Очень скоро стало ясно, что банальные «панацеи» Форда никак не отвечают задаче преодоления спада в экономике. Массовые увольнения рабочих во всех отраслях промышленности только нарастали. Безработица оставалась главной общественной проблемой. Гринспен признал, что не имеет понятия, как далеко может зайти спад и сколько он может продлиться. Было очевидным, что экономика нуждается во «вливании» денежной массы, чтобы бизнес оживился, и что упрямая мысль Форда о необходимости затягивания поясов могла привести к решению проблемы. В январе 1975 года Форд сделал свое первое послание к конгрессу. Все экономические советники пришли на конференцию с президентом, включая председателя Федеральной резервной системы Артура Бэрнса. Снова был поднят вопрос о растущем бюджетном дефиците, но при отсутствии согласия между советниками решено было отложить вопрос до Нового года. Рамсфельд, как трудоголик, упорно пробивал свой путь к президентству (позже, в 1975 году, Рамсфельд убедил Форда назначить его министром обороны, убрав с этого поста назначенца Никсона, Джеймса Шлезингера).
Форд все откладывал окончательное решение по поводу мер, необходимых для прекращения экономического спада. Он был человеком своих привычек. Для него чуть ли не полугодовые каникулы, которые он дважды проводил за игрой в гольф или на лыжных трассах, были священны. В это время он расслаблялся и отдыхал с женой и четырьмя детьми.
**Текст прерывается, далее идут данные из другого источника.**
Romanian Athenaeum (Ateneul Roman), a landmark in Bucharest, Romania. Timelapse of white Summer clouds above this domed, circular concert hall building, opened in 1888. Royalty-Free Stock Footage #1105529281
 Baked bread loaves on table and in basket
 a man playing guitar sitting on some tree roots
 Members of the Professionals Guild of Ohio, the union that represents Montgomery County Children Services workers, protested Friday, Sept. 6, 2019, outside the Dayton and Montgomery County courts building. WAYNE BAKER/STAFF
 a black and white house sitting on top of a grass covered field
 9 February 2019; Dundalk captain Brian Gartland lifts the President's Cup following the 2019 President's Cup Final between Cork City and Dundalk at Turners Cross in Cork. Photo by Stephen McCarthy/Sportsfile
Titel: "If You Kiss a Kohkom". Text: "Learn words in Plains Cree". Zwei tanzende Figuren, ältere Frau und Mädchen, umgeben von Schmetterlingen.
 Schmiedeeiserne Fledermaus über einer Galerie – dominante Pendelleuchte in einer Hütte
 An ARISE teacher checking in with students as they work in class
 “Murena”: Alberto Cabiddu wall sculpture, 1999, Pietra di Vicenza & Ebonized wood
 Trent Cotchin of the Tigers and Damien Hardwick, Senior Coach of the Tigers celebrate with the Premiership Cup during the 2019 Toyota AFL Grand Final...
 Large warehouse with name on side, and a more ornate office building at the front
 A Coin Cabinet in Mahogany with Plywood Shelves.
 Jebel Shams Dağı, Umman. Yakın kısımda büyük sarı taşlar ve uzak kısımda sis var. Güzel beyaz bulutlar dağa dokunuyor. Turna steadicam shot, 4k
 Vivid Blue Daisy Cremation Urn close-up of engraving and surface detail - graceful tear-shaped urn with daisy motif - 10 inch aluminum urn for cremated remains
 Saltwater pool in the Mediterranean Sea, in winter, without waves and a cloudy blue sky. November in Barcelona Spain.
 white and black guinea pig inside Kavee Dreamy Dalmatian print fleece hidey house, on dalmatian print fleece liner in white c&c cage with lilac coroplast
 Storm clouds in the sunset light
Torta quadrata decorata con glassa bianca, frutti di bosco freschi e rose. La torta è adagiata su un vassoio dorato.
Увеличение дефицита бюджета, как предлагали некоторые из его советников, не совпадало с его принципами, которые он настойчиво утверждал в годы своего пребывания в конгрессе. А с другой стороны, ему нравился весь тот антураж, который положен президенту: персональная обслуга, вертолет по заказу, приватное уединение в резиденции Кемп-Дэвид, честь осознавать себя самым важным человеком в некоммунистическом мире. Это был пьянящий коктейль, и Форду хотелось еще четыре года пить его.
Когда Форд вернулся в Вашингтон, Рамсфельд стал той движущей силой, которая побуждала президента принять решения, идущие вразрез с его воззрениями на экономику. В отличие от Форда, который просто ожидал момента произнесения речи перед американским народом со своей программой борьбы с инфляцией, безработицей и энергетическим кризисом, Рамсфельд предлагал, чтобы еще заранее президент поговорил с нацией в вольном стиле, на фоне библиотечных полок (по ТВ, конечно), что позволило бы отождествить его с интеллектуалом, день и ночь ищущим ответы на проклятые вопросы, и показать публике, что его решение будет выверенным и научно обоснованным.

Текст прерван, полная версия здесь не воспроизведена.